The task: From the line containing "Close Up Walnuts" through the last line of the records below, each line is to be repeated exactly; pictures are to be omitted.

Input data:
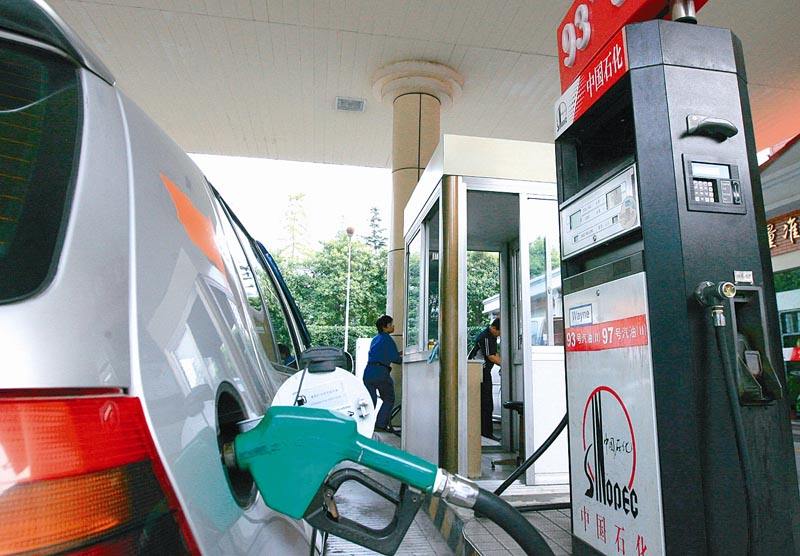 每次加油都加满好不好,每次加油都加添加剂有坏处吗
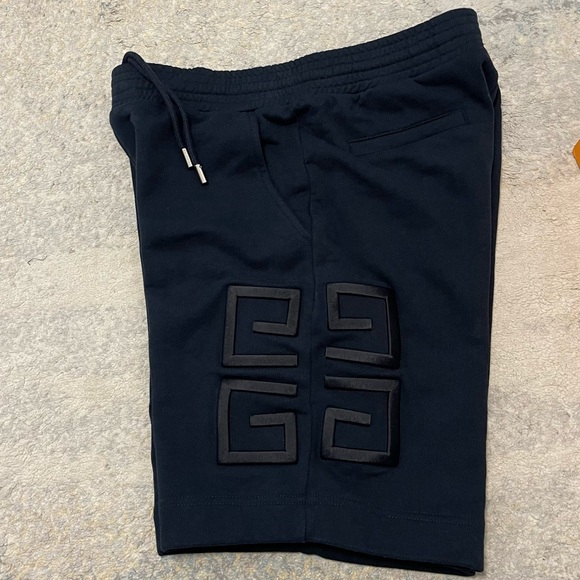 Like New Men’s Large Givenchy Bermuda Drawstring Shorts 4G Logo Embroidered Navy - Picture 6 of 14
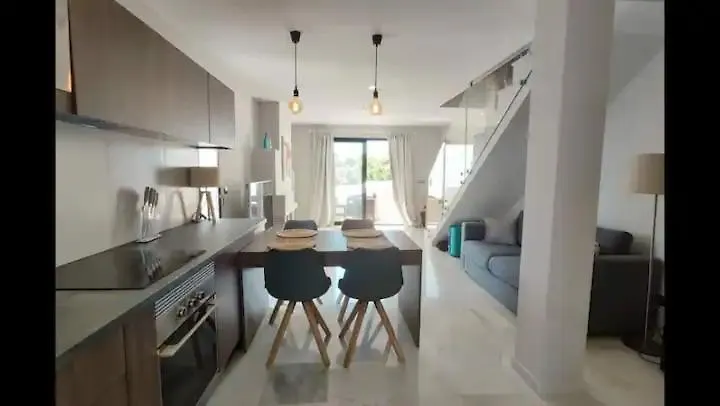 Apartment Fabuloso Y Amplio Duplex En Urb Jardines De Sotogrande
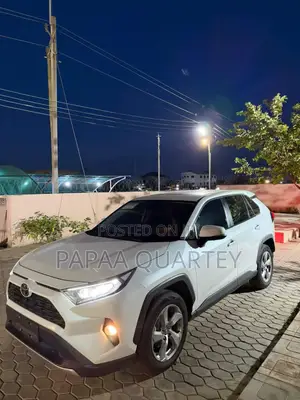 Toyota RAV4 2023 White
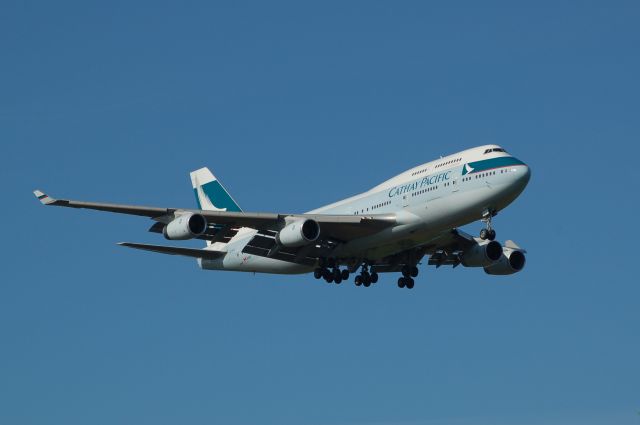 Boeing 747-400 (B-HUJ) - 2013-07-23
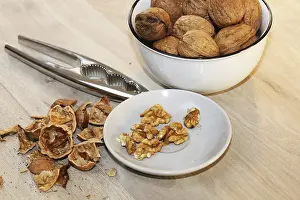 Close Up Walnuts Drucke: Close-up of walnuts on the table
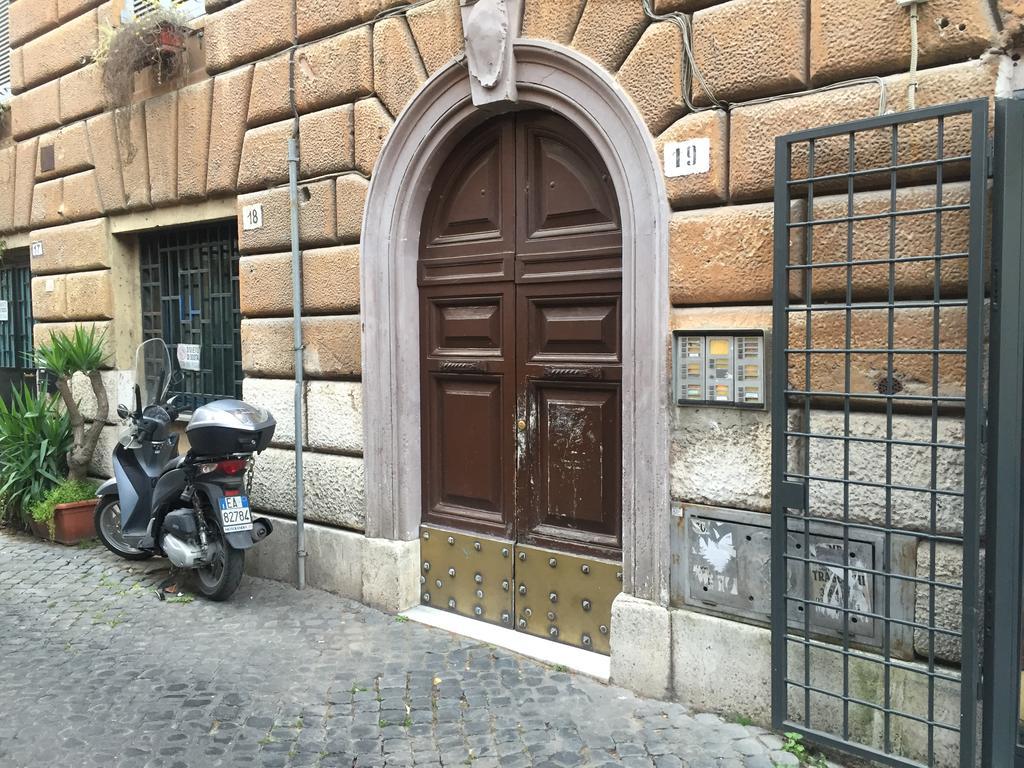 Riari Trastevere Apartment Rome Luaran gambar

Solution:
 Close Up Walnuts Drucke: Close-up of walnuts on the table
 Riari Trastevere Apartment Rome Luaran gambar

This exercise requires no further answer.